Question

A nucleus at rest undergoes a decay emitting an $\alpha$particle of de-Broglie wavelength. $\lambda = 5.75 \times 10^{-15}$ m. If the mass of the daughter nucleus is 223.610 amu and that of the $\alpha-$ particle is 4.002 amu. Determine the total kinetic energy in the final state. Hence obtain the mass of the parent nucleus in amu. $1\, amu \, = 931.470Mc V/c^2$

Answer 1

(a) Given mass of a-particle $m = 4.002$ arau and mass of daughter nucleus,
$M = 223.610 amu,$
de-Broglie wavelength of $\alpha-$particle,
$\lambda = 5.75 \times 10^{-15}m$
So, momentum of a-particle would be
$p = \frac {h}{\lambda} = \frac {6.63 \times 10^{-34}}{5.76 \times 10^{-15}} kg - m/s$
or $\, \, \, \, \, \, \, p = 1.151 \times 10^{-19} kg-m /s $
From law of conservation of linear momentum, this
should also be equal to the linear momentum of the
daughter nucleus (in opposite direction). Let $K_1$ and $K_2$ be the kinetic energies of $\alpha -$ particle and
daughter nucleus.
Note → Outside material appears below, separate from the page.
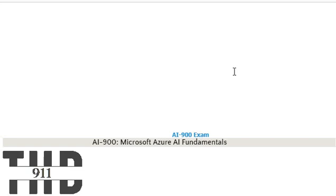We are discussing questions and answers for AI-900 Microsoft Azure AI Fundamentals. Our team is working hard to keep the content up to date. If you find this video helpful, please let us know in the comment.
Then total kinetic energy in the final
state is
$K = K_1 + K_2 = \frac {p^2}{2m} + \frac {p^2}{2M} = \frac {p^2}{2} \bigg(\frac {1}{m} + \frac{1}{M}\bigg)$
$K = \frac {p^2}{2}\bigg(\frac {M+m}{Mm} \bigg)$
$ 1 \, amu = 1.67 \times 10^{-27} kg$
Substituting the values, we get
$K = 10^{-12} J$
$K = \frac {10^{-12}}{1.6 \times 10^{-13}} = 6.25 MeV$
or $ \, \, \, \, \, \, \, \, K = 6.25 MeV.$
(b) Mass defect, $\Delta m = \frac {6.25}{931.470} = 0.0067 amu$
Therefore, mass of parent nucleus = mass of $\alpha;-$ particle
$ \, \, \, \, \, \, \, = (4.002 + 223.610 + 0.0067)$ amu
$ \, \, \, \, \, \, \, \, = 227.62$ amu
Hence, mass of parent nucleus is 227.62 amu.